◆ What you are asked to do: Each line of the records needs to come back exactly as written.

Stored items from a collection
----
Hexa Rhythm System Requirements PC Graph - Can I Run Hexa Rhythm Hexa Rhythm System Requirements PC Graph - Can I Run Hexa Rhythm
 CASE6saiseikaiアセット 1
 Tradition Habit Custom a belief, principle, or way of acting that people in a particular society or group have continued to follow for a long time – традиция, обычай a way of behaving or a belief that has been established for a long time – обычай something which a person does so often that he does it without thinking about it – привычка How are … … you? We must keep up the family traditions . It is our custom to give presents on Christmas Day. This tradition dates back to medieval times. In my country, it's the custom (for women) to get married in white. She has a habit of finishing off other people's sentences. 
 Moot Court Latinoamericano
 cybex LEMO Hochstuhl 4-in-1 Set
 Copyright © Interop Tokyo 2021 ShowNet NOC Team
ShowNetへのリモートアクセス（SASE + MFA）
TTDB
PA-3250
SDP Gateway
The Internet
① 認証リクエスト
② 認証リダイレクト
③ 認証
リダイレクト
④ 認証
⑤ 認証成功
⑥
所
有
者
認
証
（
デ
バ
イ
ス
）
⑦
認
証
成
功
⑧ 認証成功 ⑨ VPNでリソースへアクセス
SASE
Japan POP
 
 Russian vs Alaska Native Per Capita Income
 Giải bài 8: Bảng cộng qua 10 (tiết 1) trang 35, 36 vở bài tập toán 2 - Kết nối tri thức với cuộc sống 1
----
◆ Response area:
Hexa Rhythm System Requirements PC Graph - Can I Run Hexa Rhythm Hexa Rhythm System Requirements PC Graph - Can I Run Hexa Rhythm
 CASE6saiseikaiアセット 1
 Tradition Habit Custom a belief, principle, or way of acting that people in a particular society or group have continued to follow for a long time – традиция, обычай a way of behaving or a belief that has been established for a long time – обычай something which a person does so often that he does it without thinking about it – привычка How are … … you? We must keep up the family traditions . It is our custom to give presents on Christmas Day. This tradition dates back to medieval times. In my country, it's the custom (for women) to get married in white. She has a habit of finishing off other people's sentences. 
 Moot Court Latinoamericano
 cybex LEMO Hochstuhl 4-in-1 Set
 Copyright © Interop Tokyo 2021 ShowNet NOC Team
ShowNetへのリモートアクセス（SASE + MFA）
TTDB
PA-3250
SDP Gateway
The Internet
① 認証リクエスト
② 認証リダイレクト
③ 認証
リダイレクト
④ 認証
⑤ 認証成功
⑥
所
有
者
認
証
（
デ
バ
イ
ス
）
⑦
認
証
成
功
⑧ 認証成功 ⑨ VPNでリソースへアクセス
SASE
Japan POP
 
 Russian vs Alaska Native Per Capita Income
 Giải bài 8: Bảng cộng qua 10 (tiết 1) trang 35, 36 vở bài tập toán 2 - Kết nối tri thức với cuộc sống 1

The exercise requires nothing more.